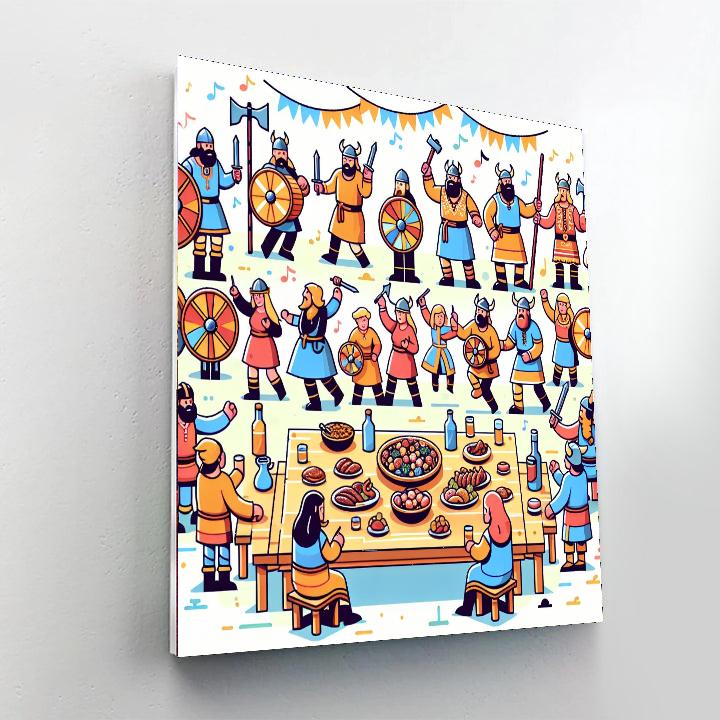 Viking Festival Feast DIY Paint By Numbers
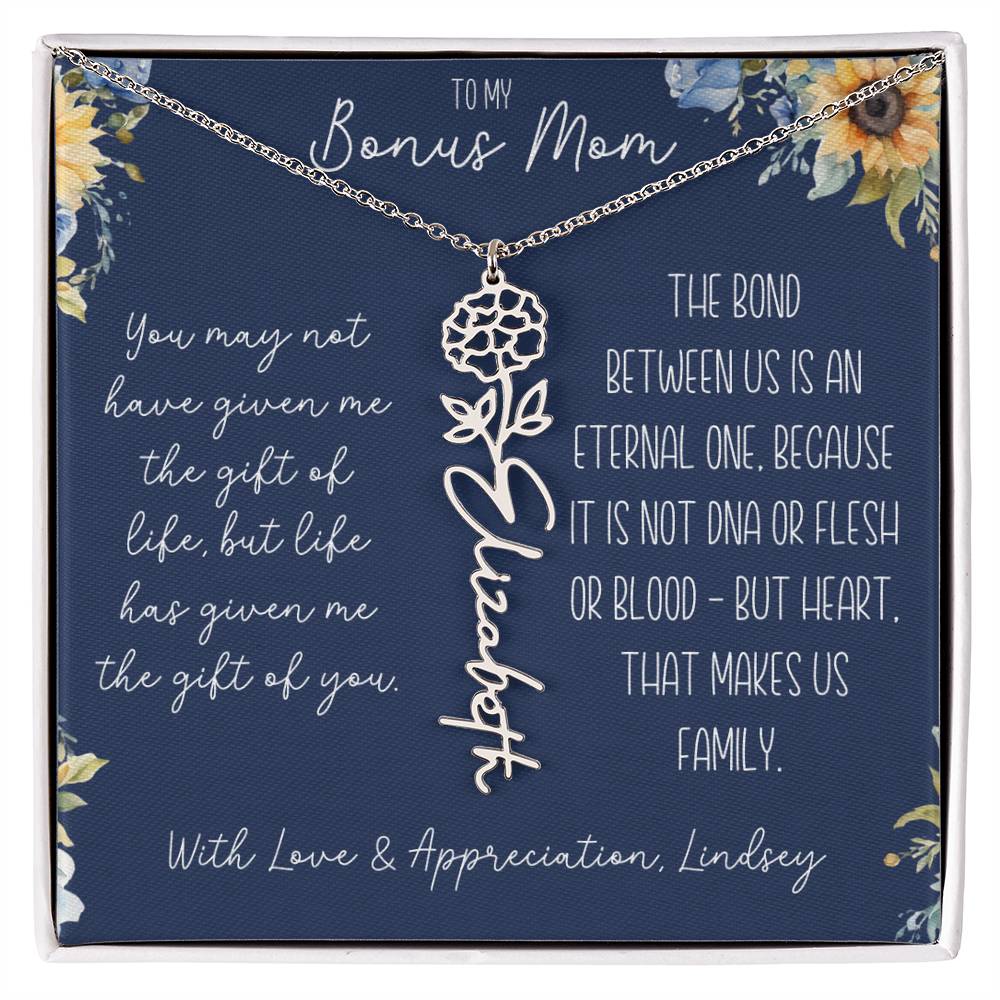 Flower Name Necklace for Bonus Mom
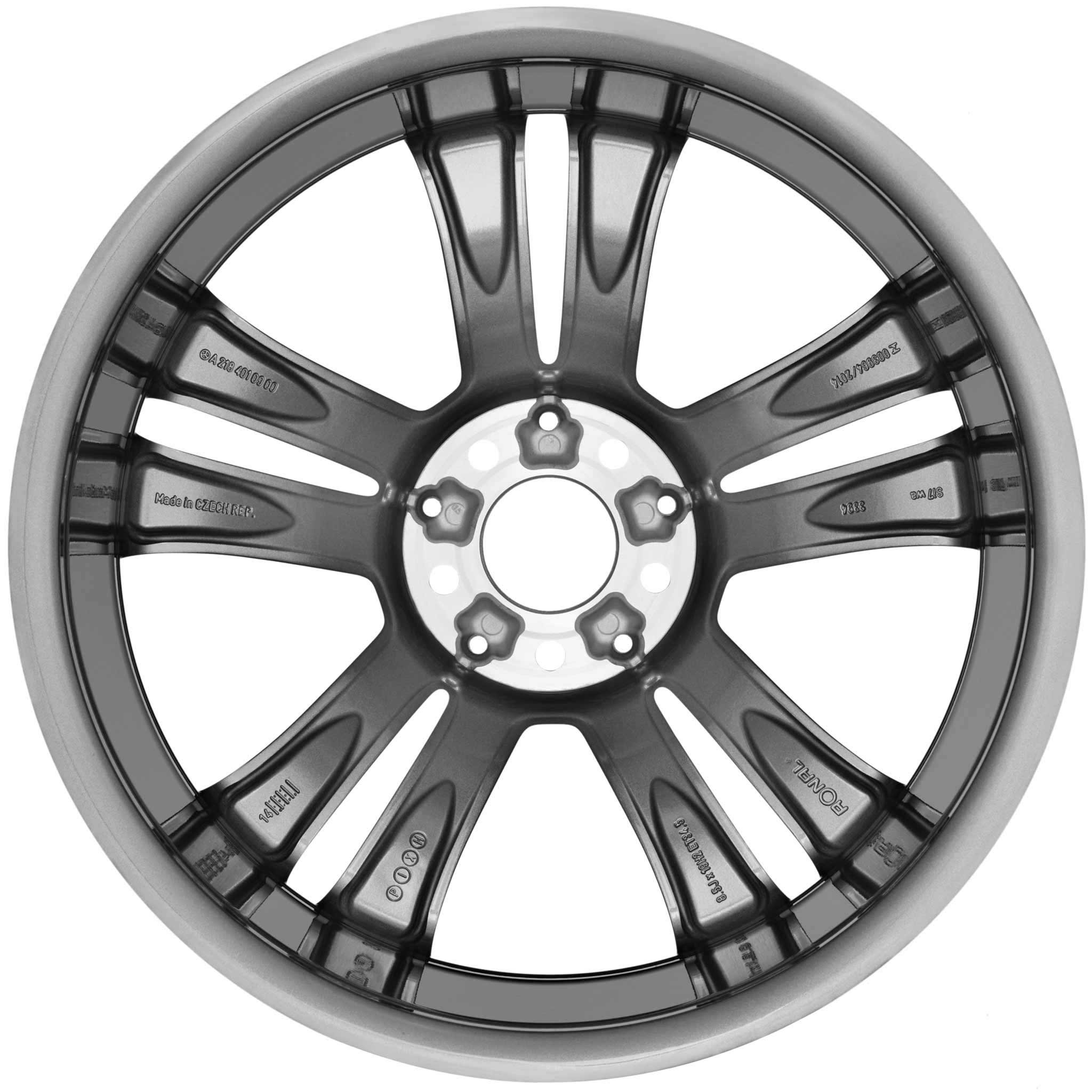 Mercedes 5 Twin Spoke [218-19] Himalaya Grey with High Sheen Alloy Wheel Product Image #3
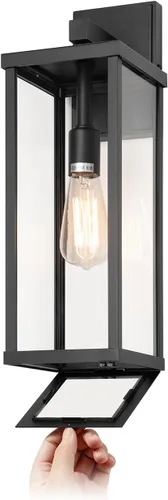 Vista 16 de mirrea Aplique de pared clásico para exteriores de 11 pulgadas, marco de metal rectangular negro mate y pantalla de vidrio transparente, luz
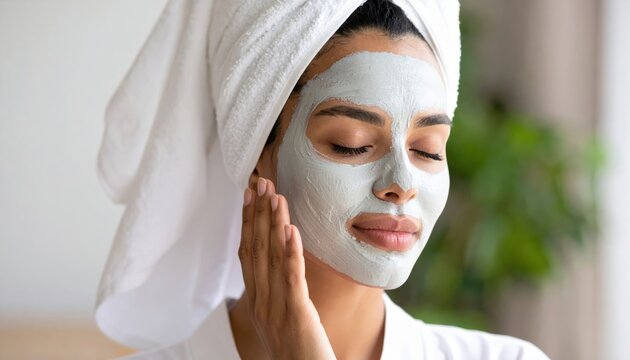 Woman with facial mask and towel on head, eyes closed, enjoying a relaxing skincare routine at home.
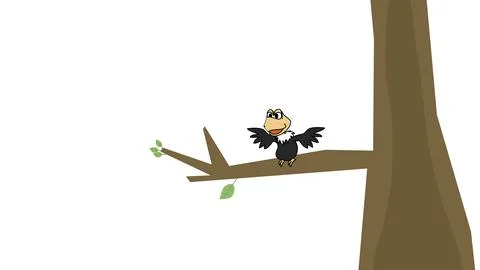 Small cartoon bird perched on tree branch side view nature wildlife avian Stock Illustration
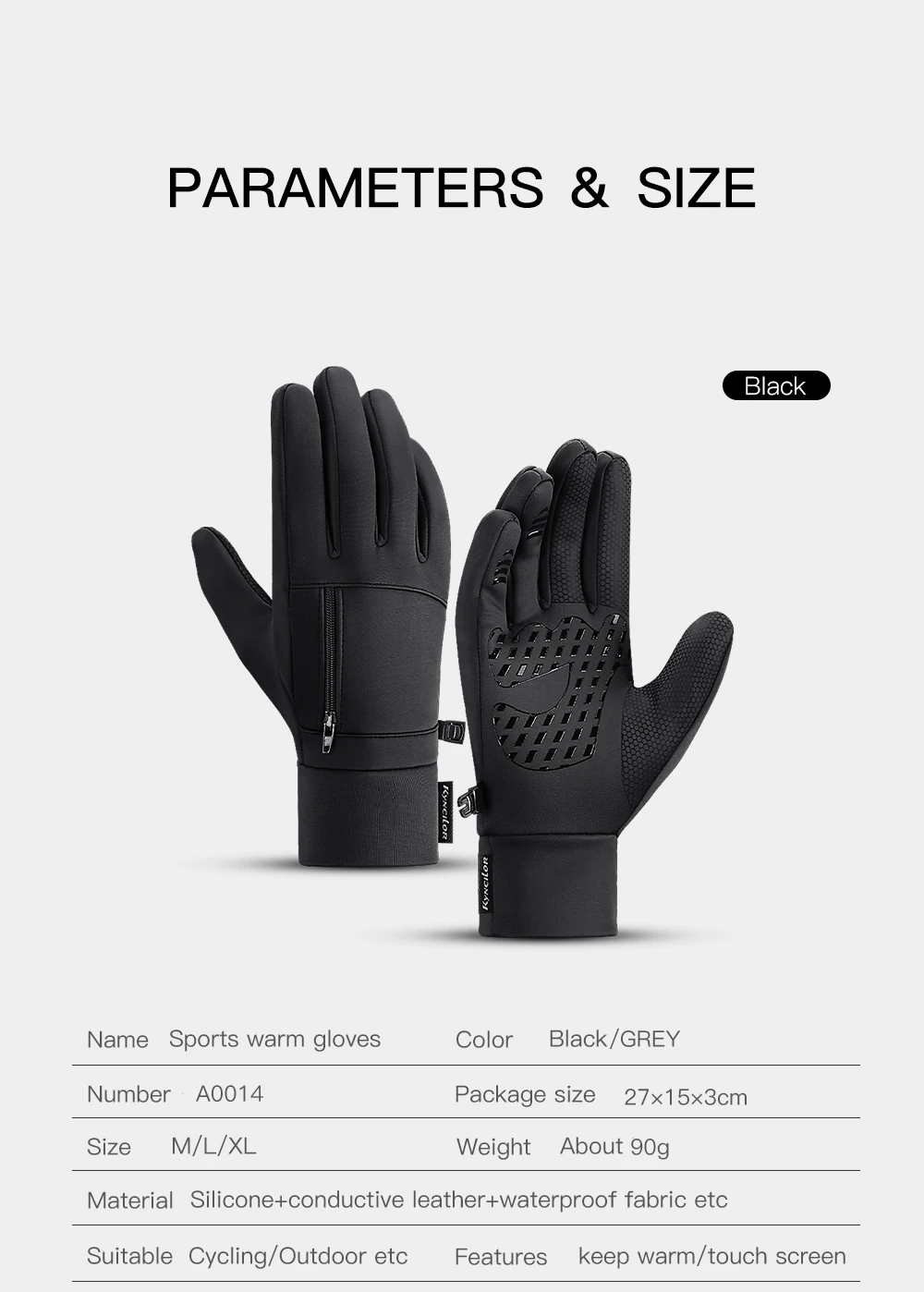 1 Pairs Winter Gloves Mens Touchscreen Non-Slip Unisex Waterproof Windproof Warm Cycling Cold Gloves Fashion Zipper Sports Glove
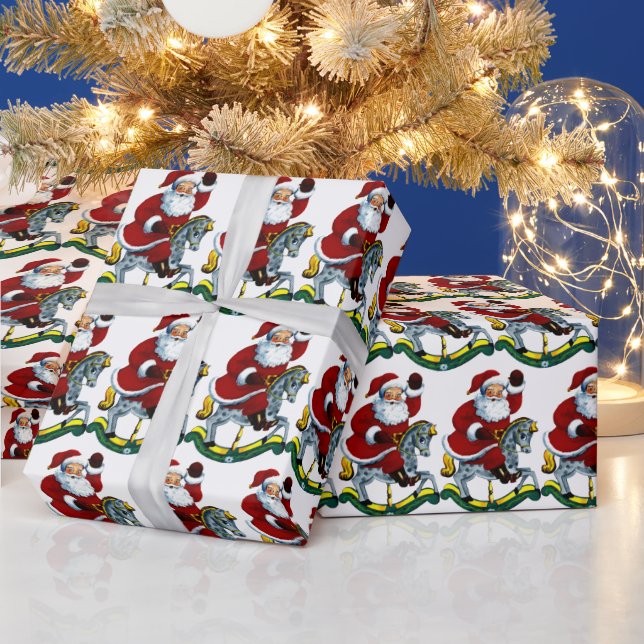 Vintage jul-roterande häst Santa tiled Presentpapper (Helgdagar)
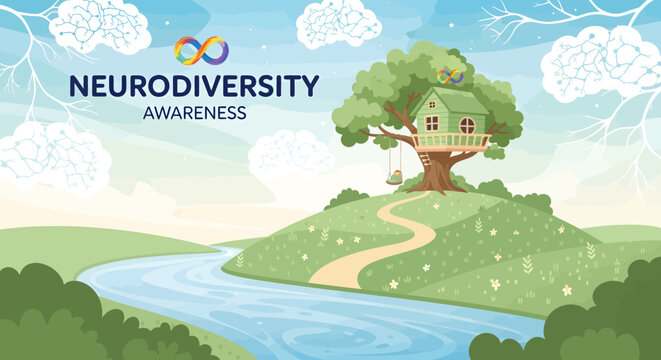 Promote neurodiversity awareness with this charming landscape featuring a treehouse and river, advocating for inclusion and celebration of diverse minds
—————
* _PROBLEM TO WORK ON_:
Give again, exactly, the lines from the start of the data through the one holding "Vista 16 de"; omit the pictures.

* _ANSWER SECTION_:
 Viking Festival Feast DIY Paint By Numbers
 Flower Name Necklace for Bonus Mom
 Mercedes 5 Twin Spoke [218-19] Himalaya Grey with High Sheen Alloy Wheel Product Image #3
 Vista 16 de mirrea Aplique de pared clásico para exteriores de 11 pulgadas, marco de metal rectangular negro mate y pantalla de vidrio transparente, luz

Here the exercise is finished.